**Your task**
The copy should hold exactly the lines below from the one that contains "Okay, so we" through the one that contains "On my machine, this" and nothing else, so no pictures.

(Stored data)
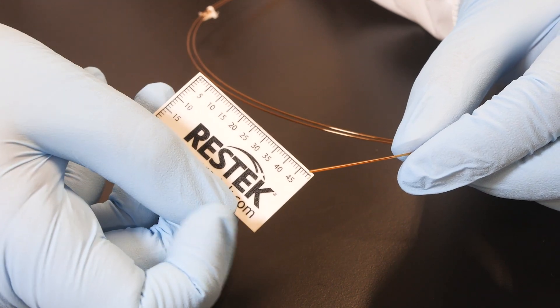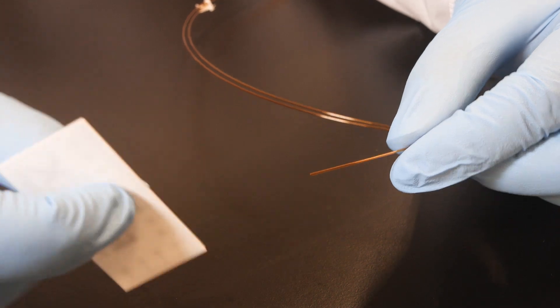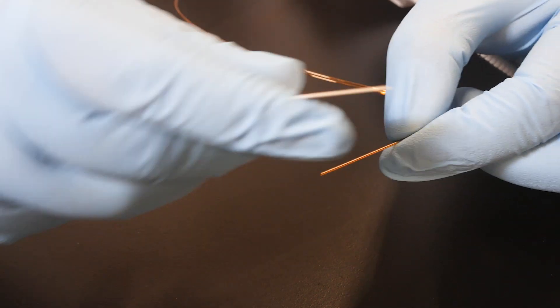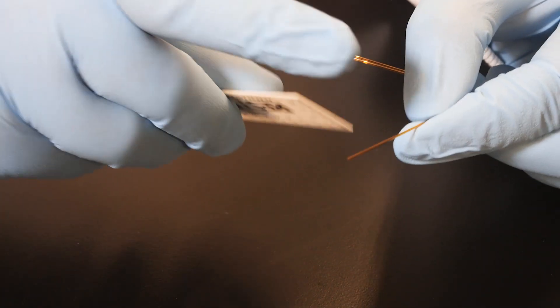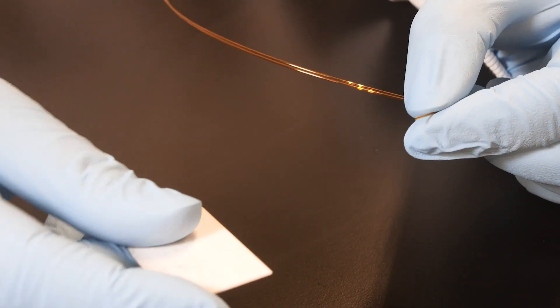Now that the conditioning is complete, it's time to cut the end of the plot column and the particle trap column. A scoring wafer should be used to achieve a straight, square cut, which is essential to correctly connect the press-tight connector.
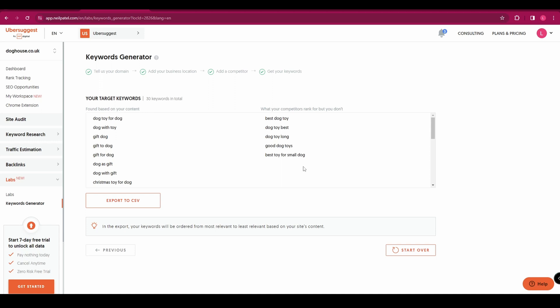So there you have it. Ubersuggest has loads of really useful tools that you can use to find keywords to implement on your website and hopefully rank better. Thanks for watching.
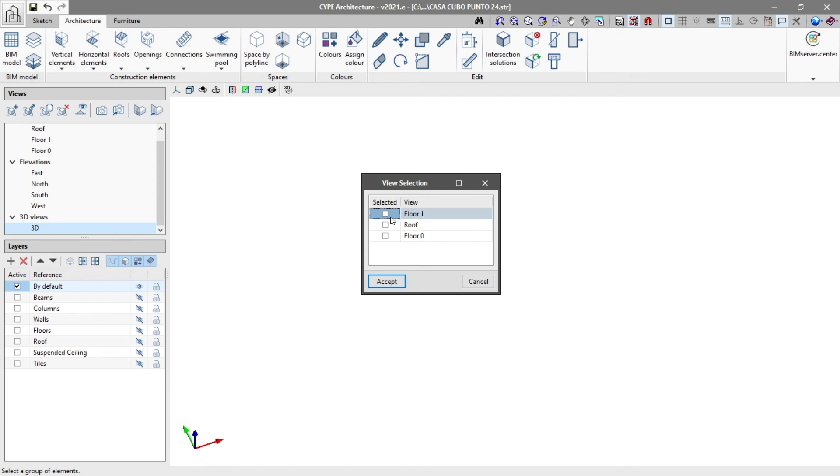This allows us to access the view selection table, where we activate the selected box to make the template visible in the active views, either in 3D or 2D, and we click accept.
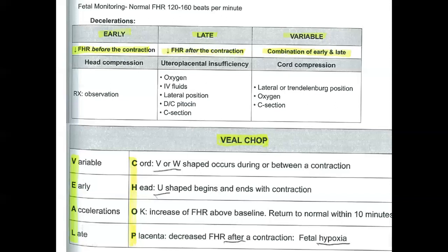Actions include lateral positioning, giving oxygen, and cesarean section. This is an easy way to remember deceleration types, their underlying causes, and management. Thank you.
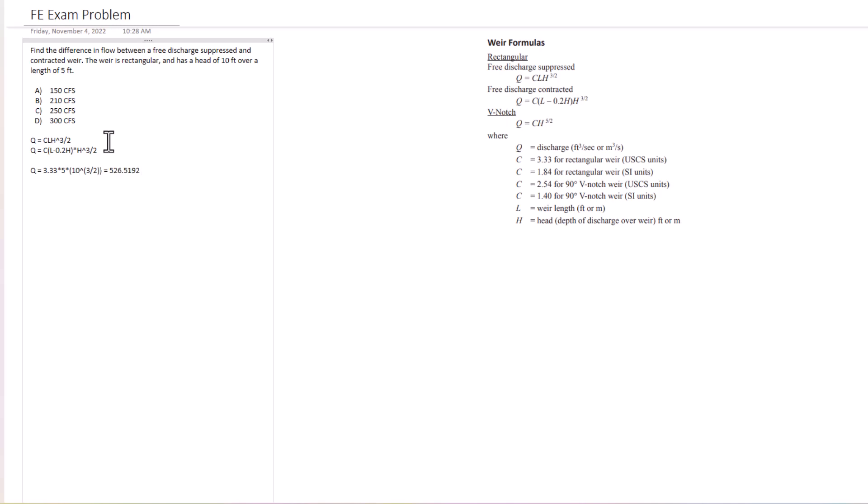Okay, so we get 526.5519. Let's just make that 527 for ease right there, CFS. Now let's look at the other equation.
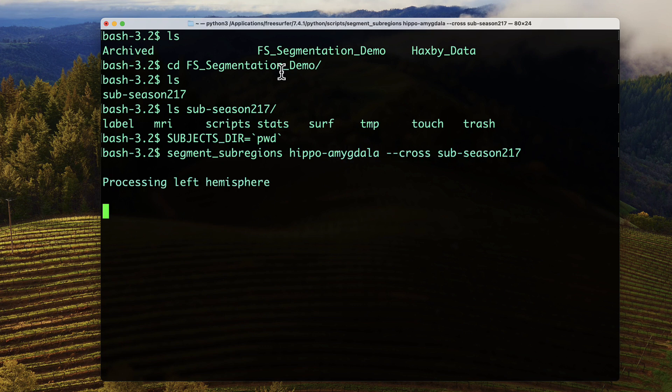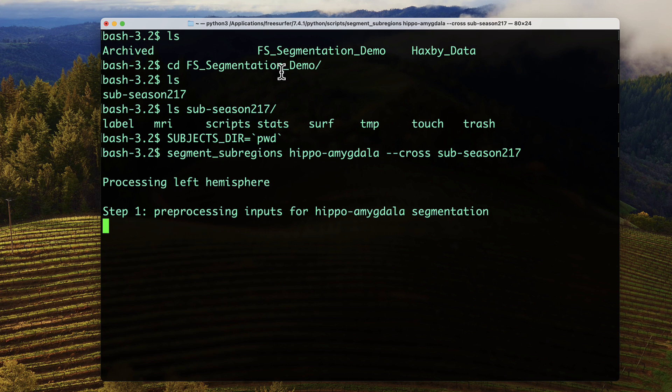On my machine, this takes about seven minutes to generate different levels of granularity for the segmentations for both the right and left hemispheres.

---

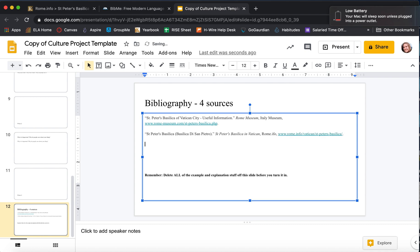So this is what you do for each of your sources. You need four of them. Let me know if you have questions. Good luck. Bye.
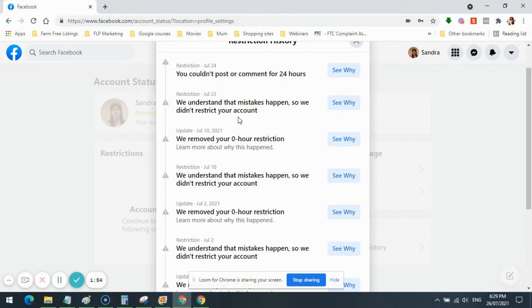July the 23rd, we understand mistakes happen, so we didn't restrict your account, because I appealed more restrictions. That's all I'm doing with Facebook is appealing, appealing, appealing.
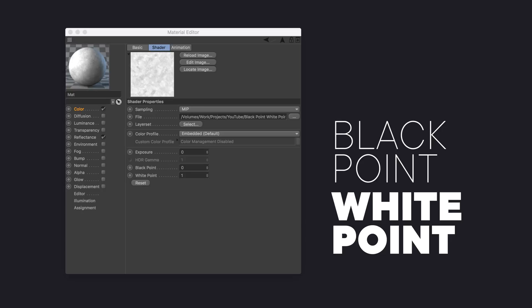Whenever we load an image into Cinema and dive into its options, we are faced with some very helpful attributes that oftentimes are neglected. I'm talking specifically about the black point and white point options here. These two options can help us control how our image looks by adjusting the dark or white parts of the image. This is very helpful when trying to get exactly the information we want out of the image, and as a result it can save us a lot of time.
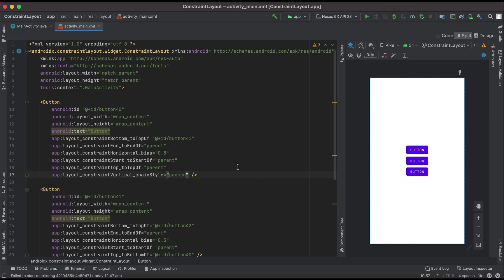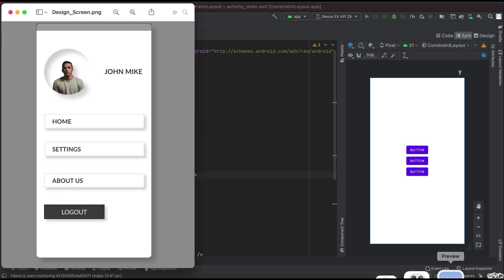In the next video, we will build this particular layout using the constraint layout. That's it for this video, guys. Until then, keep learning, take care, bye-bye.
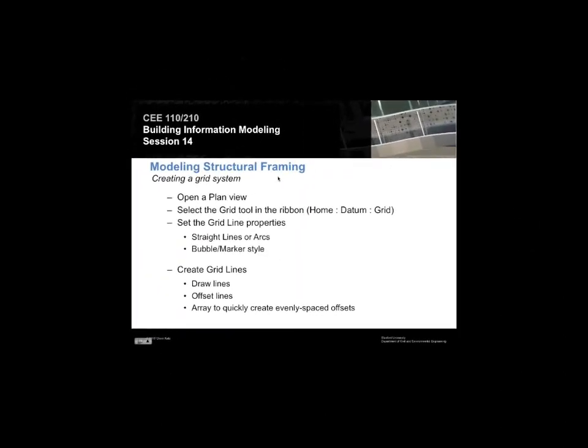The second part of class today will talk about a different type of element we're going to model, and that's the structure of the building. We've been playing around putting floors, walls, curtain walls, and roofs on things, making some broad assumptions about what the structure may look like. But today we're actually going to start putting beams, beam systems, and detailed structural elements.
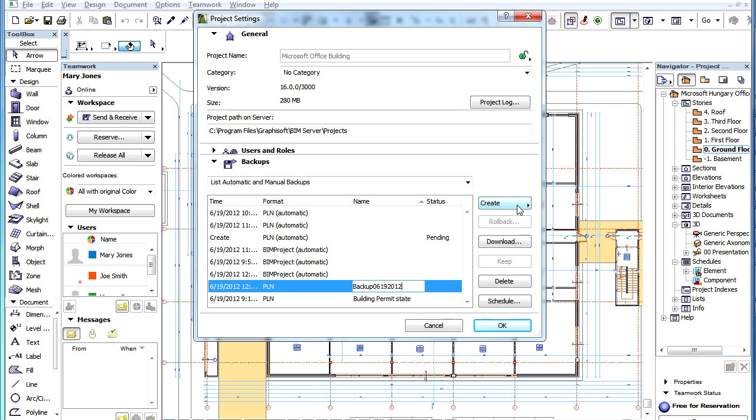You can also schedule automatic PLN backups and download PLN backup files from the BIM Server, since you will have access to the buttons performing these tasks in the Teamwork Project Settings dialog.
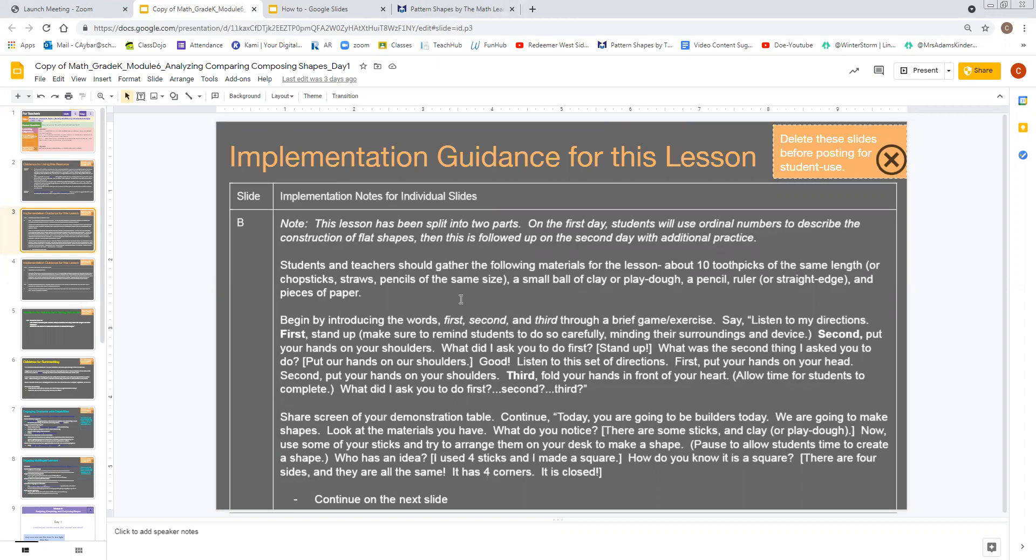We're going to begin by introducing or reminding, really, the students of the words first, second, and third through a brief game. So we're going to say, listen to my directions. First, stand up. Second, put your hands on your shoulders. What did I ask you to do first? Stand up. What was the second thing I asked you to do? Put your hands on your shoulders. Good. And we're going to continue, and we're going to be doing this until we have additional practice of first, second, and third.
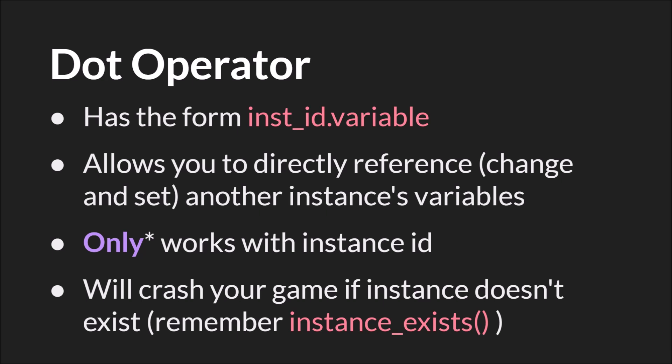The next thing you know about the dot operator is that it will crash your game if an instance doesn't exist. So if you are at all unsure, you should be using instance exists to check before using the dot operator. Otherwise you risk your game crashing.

**Exercise answer**
Okay, so we get 526.5519. Let's just make that 527 for ease right there, CFS. Now let's look at the other equation.
On my machine, this takes about seven minutes to generate different levels of granularity for the segmentations for both the right and left hemispheres.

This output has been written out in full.